Repository files navigation

libkfd

A minimal userspace library for dispatching compute work to AMDGPU hardware directly through the Linux KFD (Kernel Fusion Driver) interface. The goal of this project is to be a self-contained C++ library to explore and learn AMDGPU internals.

Important

This is a personal project done for educational purposes only. It is not affiliated with nor a replacement for AMD's ROCm stack. The interface is largely untested and intentionally incomplete. For a supported compute runtime, use ROCm.

Overview

libkfd talks directly to /dev/kfd and the DRM render nodes to manage GPU resources from user space. It is written in C++23 but the core library does not depend on any C++ runtime features. The library handles:

  • Context -- Opens the KFD device, enumerates the GPU topology, and initializes library state.
  • Device -- Represents a single GPU node. Owns the DRM fd, GPUVM aperture, doorbell mapping, and trap handler.
  • Memory -- RAII buffer type for allocating VRAM or GTT (system) memory, mapping it to device page tables, and pinning host memory.
  • Queues -- User-space ring buffers for submitting PM4 compute packets (ComputeQueue) or SDMA memory-movement packets (SDMAQueue) via MMIO doorbells.
  • Loader -- Loads AMDGPU ELF objects into GPU VRAM, performs relocations, and provides symbol lookup.
  • Signals -- Combines KFD events (interrupt-driven wakeup) with GPU-writable fence slots for synchronization across queues and devices.
  • Trap handler -- Per-architecture trap handler binaries are embedded at build time and installed on each device for exception delivery.
  • Topology -- Parses the KFD sysfs topology to enumerate nodes, memory banks, caches, and IO links.

Requirements

  • Clang >= 21 -- Required for C23 #embed, C++23 features, and the AMDGPU cross-compilation targets used for trap handlers and test kernels. A nightly build or a build from LLVM trunk will work.
  • CMake >= 3.28
  • Ninja (recommended) or Make
  • libdrm with amdgpu support (libdrm_amdgpu via pkg-config)
  • xcb, xcb-dri3, xcb-present (optional, for the computetoy tool)
  • Linux kernel >= 6.7 with KFD enabled (typically CONFIG_HSA_AMD=y)
  • An AMDGPU -- GFX9 (Vega), GFX10 (RDNA 1/2), GFX11 (RDNA 3), or GFX12 (RDNA 4)

Building

# presets: `debug`, `release`, `asan`, `tsan`.
cmake --preset release
cmake --build --preset release

To install:

cmake --preset release
cmake --build --preset release
cmake --install build/release --prefix /usr/local

After installing, run kfdinfo to verify that the system has usable GPU devices:

/usr/local/bin/kfdinfo

CMake Integration

After installing, use find_package:

find_package(libkfd REQUIRED)
add_executable(my_app main.cpp)
target_link_libraries(my_app PRIVATE libkfd::kfd)

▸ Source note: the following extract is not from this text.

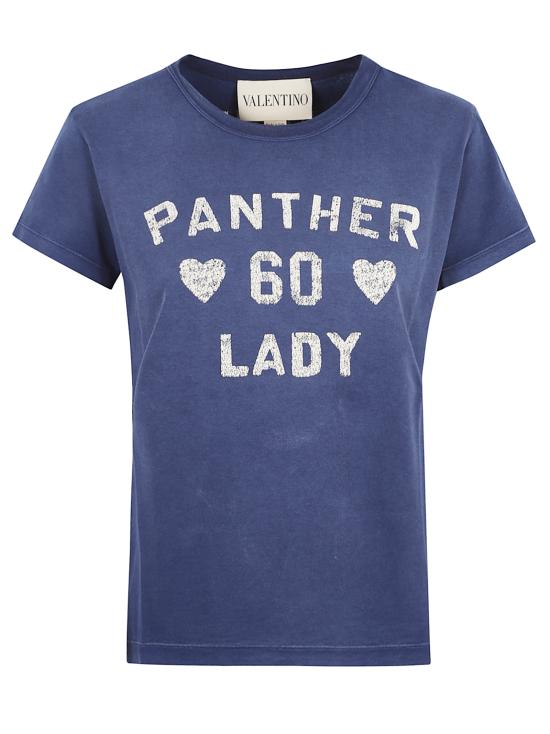 25FW 발렌티노 가라바니 반팔 티셔츠 BMG24Y 9GL AKP BLU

Or pull the source directly with FetchContent:

include(FetchContent)
FetchContent_Declare(libkfd
  GIT_REPOSITORY https://github.com/jhuber6/libkfd.git
  GIT_TAG        master
)
FetchContent_MakeAvailable(libkfd)

add_executable(my_app main.cpp)
target_link_libraries(my_app PRIVATE libkfd::kfd)

Both approaches require Clang >= 21 and libdrm_amdgpu to be available on the system.

Usage

The core workflow is: open a context, get a device, create queues, allocate memory, load a kernel, dispatch, and synchronize. The signal interface is a monotonically decreasing counter.

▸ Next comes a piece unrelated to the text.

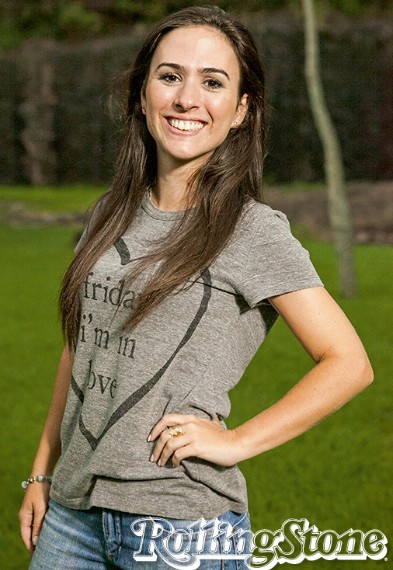 Normal
Tatá ainda não se enxerga como “celebridade”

#include <libkfd/libkfd.h>

// Open /dev/kfd and enumerate GPUs.
auto ctx  = KFD_EXPECT(kfd::Context::create());
auto &dev = ctx.devices().front();

// Create a compute queue.
auto compute = KFD_EXPECT(kfd::ComputeQueue::create(dev));

// Load a GPU ELF code object and look up a kernel.
auto exe    = KFD_EXPECT(kfd::Executable::load(dev, elf_bytes, compute));
auto kernel = KFD_EXPECT(exe.kernel("my_kernel.kd"));

// Allocate and map a GTT buffer for kernel arguments.
auto buf = KFD_EXPECT(kfd::Buffer::allocate(
    dev, size, kfd::MemType::GTT, kfd::MemFlags::WRITABLE));
KFD_EXPECT(buf.map(dev));

// Set up dispatch dimensions and build the kernarg buffer.
kfd::DispatchConfig cfg{.grid = {.x = num_blocks}, .block = {.x = 256}};
auto kernarg = KFD_EXPECT(kernel.alloc());
kernel.fill(kernarg, my_args, cfg);

// Dispatch and wait for completion.
auto sig = KFD_EXPECT(kfd::Signal::create(ctx));
KFD_EXPECT(compute.dispatch(kernel, cfg, kernarg, sig));
KFD_EXPECT(sig.wait(kfd::Condition::EQ, 0, UINT64_MAX));

Error handling uses std::expected<T, kfd::Error>, which wraps around standard Linux errno values. The KFD_EXPECT macro unwraps a value or prints the error and exits.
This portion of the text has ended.